September 15, 2003 at 7:03 am
I need Help!
I have one very large table (12 million rows) with the following columns:
(DID, datetime, origination, servicetype, serviceloc, servicecon, servicename, host, value)
I would like to seperate the table into two tables with the following columns:
Table1
(DID,origination, servicetype, serviceloc, servicecon, servicename, host)
Table2
(DID,datetime, value1)
Currently the data is in one table and even with indexes the performance is very poor. I believe by doing this I can drasticaly improve the performance of the reports hitting the tables since the number rows in table1 would be less than 1000 and the number of rows in table2 would be around 12 million.
I appreciate any help I can get with this.
Thanks,
Jamey
- JH
- JH
September 15, 2003 at 8:08 am
You are almost there already. Now that you have created the tables, you can
INSERT INTO Table1
SELECT DISTINCT DID,origination, servicetype, serviceloc, servicecon, servicename, host
FROM <OriginalTable> (NOLOCK)
INSERT INTO Table2
SELECT DID, datetime, value1
FROM <OriginalTable> (NOLOCK)
I would recommend leaving the indexes off table 1 and 2 until after they have data...it will speed up the insert.
Good luck
Guarddata-
September 15, 2003 at 8:11 am
According to your analyis, currently the fields DID,origination, servicetype, serviceloc, servicecon, servicename, host are duplicated and you want to normalize the table. DID will be the primary key for the new table1 (referenced in Table2.
create a new table called Table 1 with the fields DID,origination, servicetype, serviceloc, servicecon, servicename, host and the run the query.
Insert into Table1 Select distinct DID,origination, servicetype, serviceloc, servicecon, servicename, host from <CurrentTable>
Now rename the <CurrentTable> into Table2 and remove the unnneccesary fields.

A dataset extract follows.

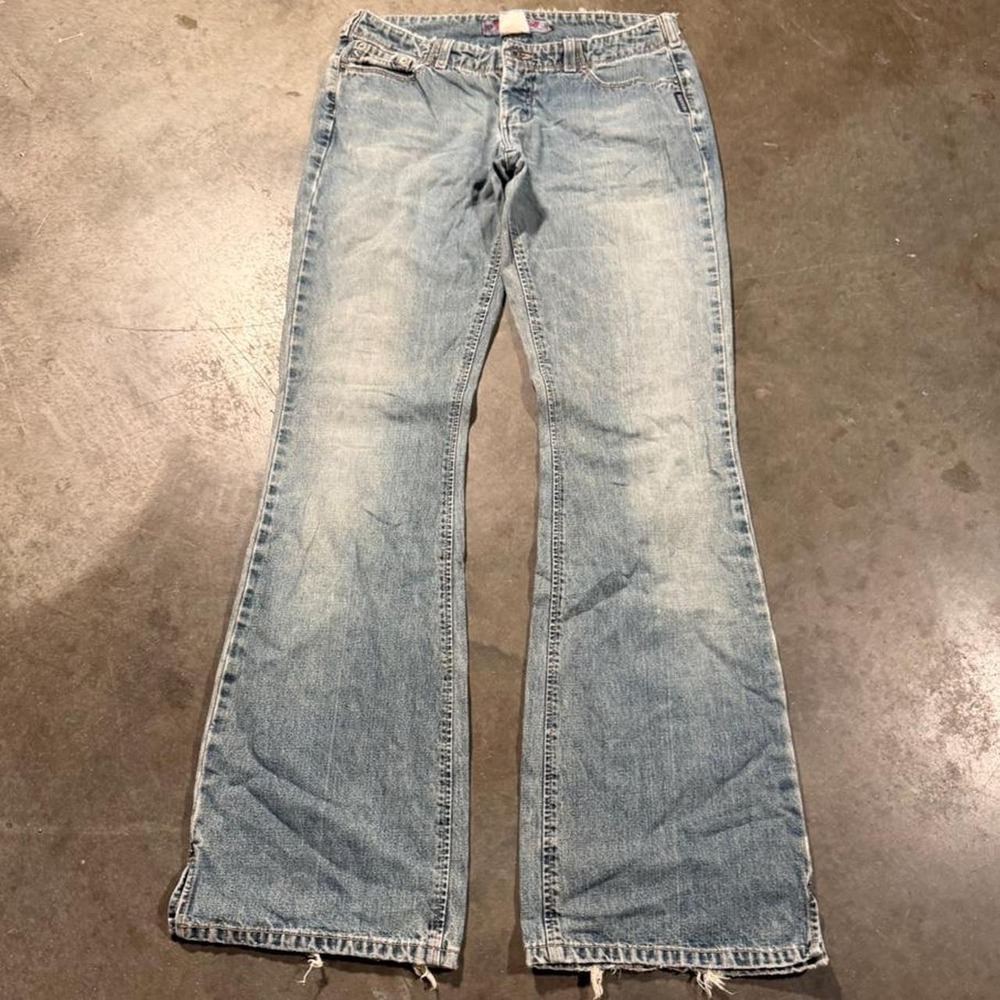 Y2K silver low rise bootcut womens jeans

Create the relationship properly.
I suggest you to create view <CurrentName> which is a selection from both tables.
You can have instead of Insert, instead of update & instead of delete triggers to handle any code referring the old table.
This is only a suggestion.
G.R. Preethiviraj Kulasingham
Chief Technology Officer.
Softlogic Information Systems Limited,
14 De Fonseka Place,
Colombo 05.
Sri Lanka.
Cheers,
Prithiviraj Kulasingham
http://preethiviraj.blogspot.com/
September 15, 2003 at 9:03 am
Thtanks for the responses!
If I forgot to mention that the DID column is an ID field. Therefore, if I do a select distinct on it it will return all 12 million rows.
I built the following code and it seems to work however when running it against the 12 million rows it runs for roughly 24 hours. (which is a problem)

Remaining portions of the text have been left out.